Newspaper: The Evening Sentinel

Date: April 5, 1979

Title: Nuclear crisis-Carter Fails Again

Author: Nicholas Von Hoffman


Apparently there has been a brain meltdown at the White House or perhaps a hydrogen bubble in the gut.

However it came about, Dr. Atomic, the man who ran for the presidency as, among other things, an accomplished nuclear engineer, has never looked worse than in his handling of the accident, or as the techno-bureaucrats like to call it "the event" or "the continuous incident" at Three Mile Island.

Here is the Environmental Protection Agency, supposedly an organ of government directly responsible to Mr. Carter, conceding it had let days go by without measuring the radiation falling on the citizens of Pennsylvania because, Lord save us, the matter would not fall in its jurisdiction until a radioactive cloud was obliging enough to cross a state line.

Beyond that, we have the Nuclear Regulatory Commission kept in the dark by Metropolitan Edison, the utility company that owns this plant, while it executes procedures of highly debatable safety to shut the plant down and which result in the emission of an apparently unknown quantity of radiation into the air and the flow of the Susquehanna River.

Moreover, it turns out that there may even have been an explosion in the plant which the commission was only belatedly informed of.

IN THE FACE of all this and much more, we find Dr. Atomic toddling off for a political fund raiser in Wisconsin where, you may presume, he indulged himself in his routine prattle about leadership.

If Mr. Carter would talk about leadership less and exercise it more, we might all be able to sleep without the fear that, as we snooze, a deadly radioactive iodine cloud will steal over us.
A president like Theodore Roosevelt, who never had to yak-yak about leadership, would have seized the plant and then said, as he did about the Panama Canal, that Congress could argue about the legalities later.

The Governor of Pennsylvania, on the other hand, has acquitted himself with distinction.
Richard Thornburgh's problem has been to find out which of the technicians in this disgraceful babble of contradiction, omission and artful distortion he should listen to.

The Commonwealth of Pennsylvania doesn't have legions of high energy physicists, engineers, and atomic scientists; it doesn't have the labs, the equipment or the high-tech backup to deal with a problem like this.

Only the federal government does, but instead of moving in to take charge so that we can be assured the matter is being handled by rational, competent and reasonably disinterested public servants, Dr. Atomic spent the first days of what millions of us consider a major crisis indicating it really isn't his responsibility.

THE NET RESULT was to give the impression that the future of the nuclear generating industry, whose stocks on Wall Street have already undergone a China Syndrome of their own, is of greater concern than the public health and safety.

Industry spokesmen have done all in their power to reinforce the idea they put bucks before people with a public relations patter that sounded like they were telling us:

"So what's a little radiation? You get more radiation sunbathing in your backyard than on Three Mile Island."

"And talk about danger, look at what happened to Lee Trevino the golf pro. Remember how he got hit by lightning out on the golf course? Now, there's a guy in danger. In Harrisburg, they'll all live to be 100.
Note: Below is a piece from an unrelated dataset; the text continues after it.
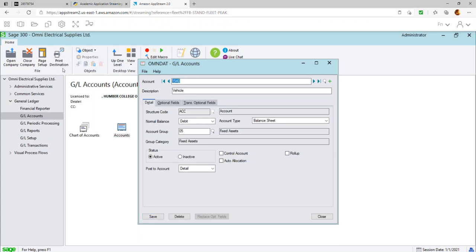Account 1500 is 'Manufacturing Equipment,' ACC, Debit, Fixed Assets category. Account 1510 is 'Furniture and Fixtures,' also Fixed Assets. Account 1520 is 'Office Equipment,' ACC, Debit, category 05. Account 1530 is 'Building,' Fixed Assets. Account 1540 is 'Land,' same category. If you try to enter a duplicate account number — say 1520 again — the system pulls it up and won't allow you to create a duplicate.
"CANCER, WHAT'S cancer? Look at how many die of it anyway. You're more likely to die from eating the lousy bacon with the additives in it."

"Don't talk to me about cancer. If you get it how do they cure you? With radiation, dummy, which you can't have without electricity. The atom gives cancer and takes it away, so turn on the air conditioner, and use up a few kilowatts."

The upshot is there is no reason to be upset. Older people will die of diabetes or a stroke before the radiation introduced ca [illegible] gets them and it's the older folks who [illegible] the majority of the voting.

There are other blessings to be counted. We're fortunate it happened in Pennsylvania. In case Three Mile Island goes up in the big mushroom, people can climb down into the abandoned coal mines to begin building a new mole society.

And what a boon to the Keystone State's highway safety program-night time drivers will soon be able to see pedestrians better because they'll glow in the dark.

The rest of us can read the part in Jimmy Carter's autobiography where Dr. Atomic went down into the guts of a reactor and got himself a big overdose while fixing it and then we can reflect that the difference between that act of bravery and Jimmy Carter's current waffle is the difference between physical courage and civic cowardice.